◆ What the task requires
Copy out the listing below exactly, please, and skip any pictures.

◆ Source material
──────────
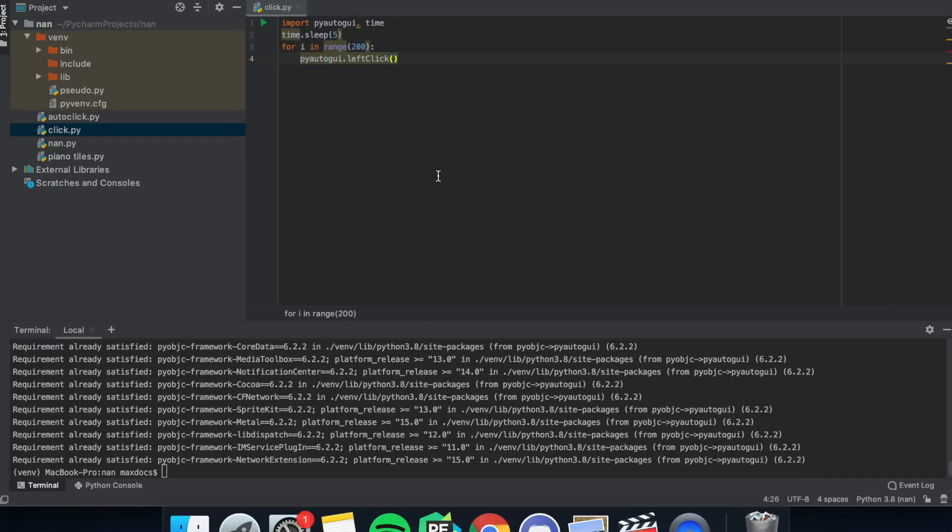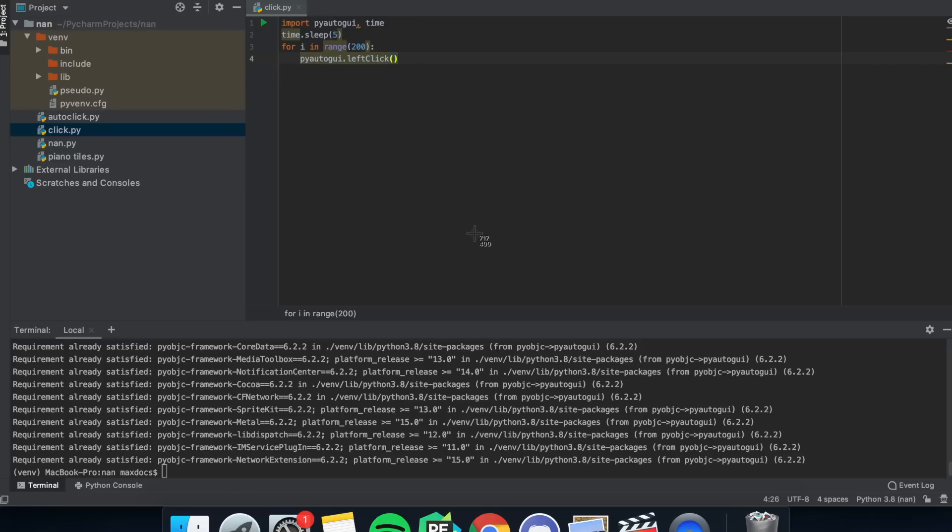But you might want to add coordinates. To do that you'll need to get the location of where you want to click. On a Mac it's surprisingly easy - just pull up the screenshot tool with Command Shift 4 and it shows you the coordinates of your cursor. Once you have the coordinates, in the brackets of the leftclick you can just enter those coordinates.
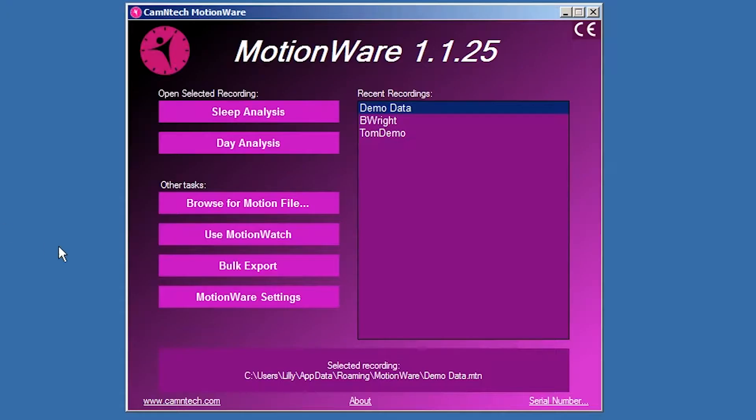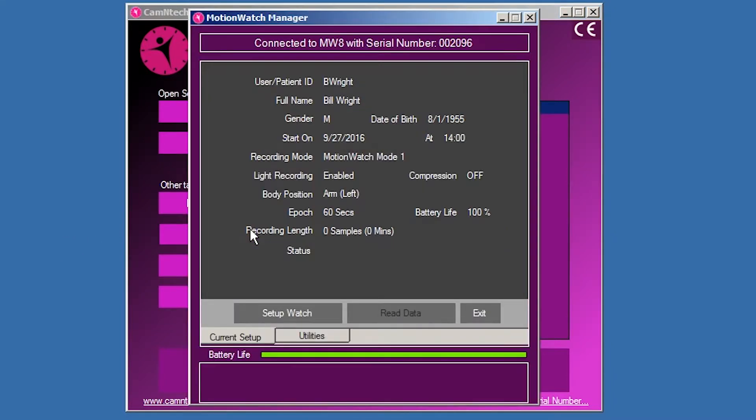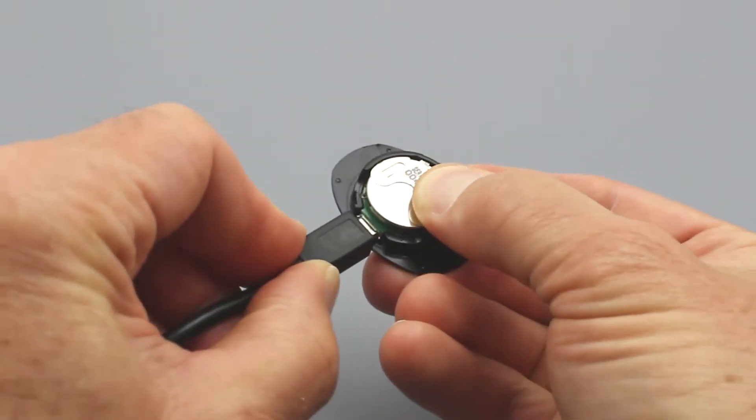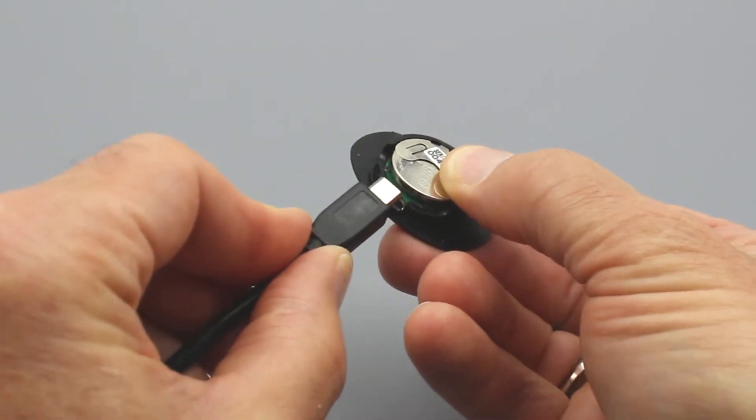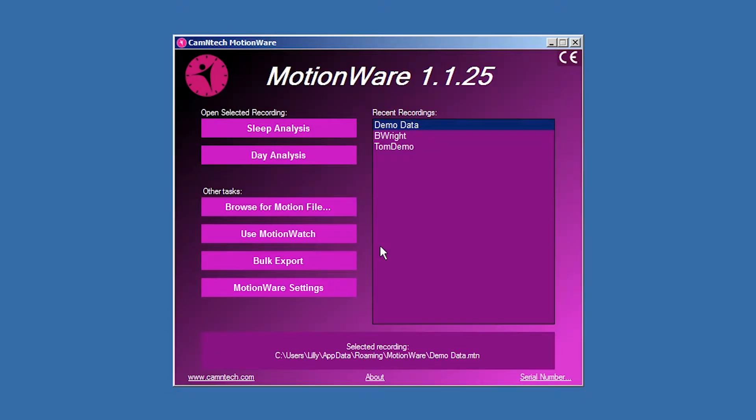If a Motionwatch is connected but this screen is not shown, click on the Use Motionwatch button on the front screen. The Motionwatch Manager screen is automatically closed when the Motionwatch is disconnected.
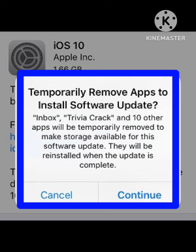Hope you like this video and subscribe to our channel for more interesting videos. So, software updates need storage to install the new version on your device. If you want to install the software update, you need to uninstall unnecessary apps that occupy storage on your device, so you can get more storage after your update is done.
──────────
◆ Exercise answer
But you might want to add coordinates. To do that you'll need to get the location of where you want to click. On a Mac it's surprisingly easy - just pull up the screenshot tool with Command Shift 4 and it shows you the coordinates of your cursor. Once you have the coordinates, in the brackets of the leftclick you can just enter those coordinates.
If a Motionwatch is connected but this screen is not shown, click on the Use Motionwatch button on the front screen. The Motionwatch Manager screen is automatically closed when the Motionwatch is disconnected.
Hope you like this video and subscribe to our channel for more interesting videos. So, software updates need storage to install the new version on your device. If you want to install the software update, you need to uninstall unnecessary apps that occupy storage on your device, so you can get more storage after your update is done.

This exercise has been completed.